▸ Problem to work on
Within the lines below, find those that hold the string "Front" and copy each one.

##### Provided information #####

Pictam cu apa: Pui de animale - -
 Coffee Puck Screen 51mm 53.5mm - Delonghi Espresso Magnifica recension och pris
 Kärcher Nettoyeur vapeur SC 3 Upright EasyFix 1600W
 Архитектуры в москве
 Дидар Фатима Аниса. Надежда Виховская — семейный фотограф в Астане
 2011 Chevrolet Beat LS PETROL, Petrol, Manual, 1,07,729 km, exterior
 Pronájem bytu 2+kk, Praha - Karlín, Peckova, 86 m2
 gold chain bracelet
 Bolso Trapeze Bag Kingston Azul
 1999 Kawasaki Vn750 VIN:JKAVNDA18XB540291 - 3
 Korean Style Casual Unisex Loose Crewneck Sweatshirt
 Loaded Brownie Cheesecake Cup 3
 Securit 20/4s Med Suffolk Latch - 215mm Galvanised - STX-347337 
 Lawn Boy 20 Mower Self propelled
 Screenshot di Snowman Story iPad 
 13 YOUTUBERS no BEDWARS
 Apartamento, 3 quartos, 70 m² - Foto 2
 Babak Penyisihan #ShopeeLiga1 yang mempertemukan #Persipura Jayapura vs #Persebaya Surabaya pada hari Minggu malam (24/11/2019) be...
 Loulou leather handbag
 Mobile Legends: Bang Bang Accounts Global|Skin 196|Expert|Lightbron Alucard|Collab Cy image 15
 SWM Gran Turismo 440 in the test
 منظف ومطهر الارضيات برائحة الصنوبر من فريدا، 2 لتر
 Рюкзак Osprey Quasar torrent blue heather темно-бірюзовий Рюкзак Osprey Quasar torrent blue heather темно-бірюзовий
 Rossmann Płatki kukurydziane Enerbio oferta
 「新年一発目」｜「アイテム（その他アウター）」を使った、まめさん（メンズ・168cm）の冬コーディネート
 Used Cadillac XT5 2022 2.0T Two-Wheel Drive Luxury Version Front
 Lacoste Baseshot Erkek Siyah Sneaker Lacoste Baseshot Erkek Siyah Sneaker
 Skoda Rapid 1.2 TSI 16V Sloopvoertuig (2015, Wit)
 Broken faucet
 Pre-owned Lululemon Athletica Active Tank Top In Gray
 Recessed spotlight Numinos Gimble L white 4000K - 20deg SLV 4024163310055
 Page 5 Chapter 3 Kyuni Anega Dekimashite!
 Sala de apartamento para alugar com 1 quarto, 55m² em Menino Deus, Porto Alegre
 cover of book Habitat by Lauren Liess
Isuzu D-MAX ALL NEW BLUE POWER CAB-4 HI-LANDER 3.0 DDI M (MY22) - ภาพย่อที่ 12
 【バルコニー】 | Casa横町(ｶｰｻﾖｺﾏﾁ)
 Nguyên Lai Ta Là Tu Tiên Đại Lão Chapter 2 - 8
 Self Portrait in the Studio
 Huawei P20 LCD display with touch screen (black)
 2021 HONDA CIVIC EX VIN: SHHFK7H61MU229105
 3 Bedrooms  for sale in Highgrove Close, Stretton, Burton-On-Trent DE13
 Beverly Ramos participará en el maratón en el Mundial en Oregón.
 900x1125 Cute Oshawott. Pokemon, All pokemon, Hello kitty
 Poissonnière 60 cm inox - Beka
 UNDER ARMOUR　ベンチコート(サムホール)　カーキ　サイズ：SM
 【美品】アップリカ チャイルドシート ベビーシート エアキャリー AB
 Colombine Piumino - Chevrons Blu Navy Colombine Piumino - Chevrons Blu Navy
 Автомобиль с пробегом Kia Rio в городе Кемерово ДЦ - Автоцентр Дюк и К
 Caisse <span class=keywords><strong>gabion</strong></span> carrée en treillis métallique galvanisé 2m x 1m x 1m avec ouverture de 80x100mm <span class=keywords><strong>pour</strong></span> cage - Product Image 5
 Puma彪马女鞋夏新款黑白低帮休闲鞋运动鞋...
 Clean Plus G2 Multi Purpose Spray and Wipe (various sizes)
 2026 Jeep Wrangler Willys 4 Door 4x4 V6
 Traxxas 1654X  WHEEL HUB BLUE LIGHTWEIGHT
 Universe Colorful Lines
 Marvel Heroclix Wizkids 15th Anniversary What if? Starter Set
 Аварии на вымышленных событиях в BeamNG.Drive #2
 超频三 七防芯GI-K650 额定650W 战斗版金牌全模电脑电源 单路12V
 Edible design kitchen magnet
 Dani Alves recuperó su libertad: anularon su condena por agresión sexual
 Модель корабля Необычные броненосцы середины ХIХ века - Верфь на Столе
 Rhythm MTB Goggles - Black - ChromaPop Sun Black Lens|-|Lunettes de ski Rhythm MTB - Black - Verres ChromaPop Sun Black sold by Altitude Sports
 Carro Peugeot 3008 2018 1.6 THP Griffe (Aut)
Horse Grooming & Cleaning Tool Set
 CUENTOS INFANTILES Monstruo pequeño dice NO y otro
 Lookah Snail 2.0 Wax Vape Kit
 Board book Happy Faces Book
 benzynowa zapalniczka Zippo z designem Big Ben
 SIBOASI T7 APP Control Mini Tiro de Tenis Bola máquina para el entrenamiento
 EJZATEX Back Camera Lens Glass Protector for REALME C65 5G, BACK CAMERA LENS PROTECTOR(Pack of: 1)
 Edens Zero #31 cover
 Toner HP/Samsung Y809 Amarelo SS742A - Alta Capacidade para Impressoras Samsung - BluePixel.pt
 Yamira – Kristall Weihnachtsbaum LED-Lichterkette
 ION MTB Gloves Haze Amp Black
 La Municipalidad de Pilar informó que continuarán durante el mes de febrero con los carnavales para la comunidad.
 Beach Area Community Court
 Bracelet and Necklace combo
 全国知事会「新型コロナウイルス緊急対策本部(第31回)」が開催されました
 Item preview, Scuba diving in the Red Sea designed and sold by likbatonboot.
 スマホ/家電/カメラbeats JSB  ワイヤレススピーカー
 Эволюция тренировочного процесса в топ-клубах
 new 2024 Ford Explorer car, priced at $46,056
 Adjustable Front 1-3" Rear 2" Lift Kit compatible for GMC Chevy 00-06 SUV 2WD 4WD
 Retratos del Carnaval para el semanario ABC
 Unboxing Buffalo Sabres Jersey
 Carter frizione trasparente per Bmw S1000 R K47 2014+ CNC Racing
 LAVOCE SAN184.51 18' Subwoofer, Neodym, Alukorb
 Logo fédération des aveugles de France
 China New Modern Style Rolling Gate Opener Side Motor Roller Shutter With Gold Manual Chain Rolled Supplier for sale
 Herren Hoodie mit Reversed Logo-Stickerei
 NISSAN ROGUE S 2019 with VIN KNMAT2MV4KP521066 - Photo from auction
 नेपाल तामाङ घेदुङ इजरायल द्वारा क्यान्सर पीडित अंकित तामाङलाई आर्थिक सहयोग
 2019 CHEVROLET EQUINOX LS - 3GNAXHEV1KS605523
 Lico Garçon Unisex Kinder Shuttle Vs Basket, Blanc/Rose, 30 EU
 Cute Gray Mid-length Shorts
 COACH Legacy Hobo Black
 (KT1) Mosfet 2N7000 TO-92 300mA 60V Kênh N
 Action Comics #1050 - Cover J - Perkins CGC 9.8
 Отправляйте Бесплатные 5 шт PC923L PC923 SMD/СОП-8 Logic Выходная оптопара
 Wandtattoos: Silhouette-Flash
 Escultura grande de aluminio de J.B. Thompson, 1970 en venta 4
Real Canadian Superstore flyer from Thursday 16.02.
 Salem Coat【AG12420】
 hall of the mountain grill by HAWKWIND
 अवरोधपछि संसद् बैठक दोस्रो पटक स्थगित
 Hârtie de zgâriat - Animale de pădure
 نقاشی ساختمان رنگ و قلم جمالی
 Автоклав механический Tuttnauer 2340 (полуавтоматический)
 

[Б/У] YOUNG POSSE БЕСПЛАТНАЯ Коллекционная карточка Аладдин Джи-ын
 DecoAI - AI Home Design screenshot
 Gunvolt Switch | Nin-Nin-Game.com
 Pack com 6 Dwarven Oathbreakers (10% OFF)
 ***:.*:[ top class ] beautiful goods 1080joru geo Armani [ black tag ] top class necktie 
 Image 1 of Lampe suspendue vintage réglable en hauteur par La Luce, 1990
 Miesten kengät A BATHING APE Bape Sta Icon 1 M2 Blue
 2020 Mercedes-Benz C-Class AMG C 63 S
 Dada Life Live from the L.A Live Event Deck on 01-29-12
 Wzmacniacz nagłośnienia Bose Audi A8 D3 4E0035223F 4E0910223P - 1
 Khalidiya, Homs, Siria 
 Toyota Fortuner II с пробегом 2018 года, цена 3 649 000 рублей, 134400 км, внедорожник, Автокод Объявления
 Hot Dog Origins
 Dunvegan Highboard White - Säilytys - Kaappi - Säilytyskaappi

#####

▸ Expected answer
 Used Cadillac XT5 2022 2.0T Two-Wheel Drive Luxury Version Front
 Adjustable Front 1-3" Rear 2" Lift Kit compatible for GMC Chevy 00-06 SUV 2WD 4WD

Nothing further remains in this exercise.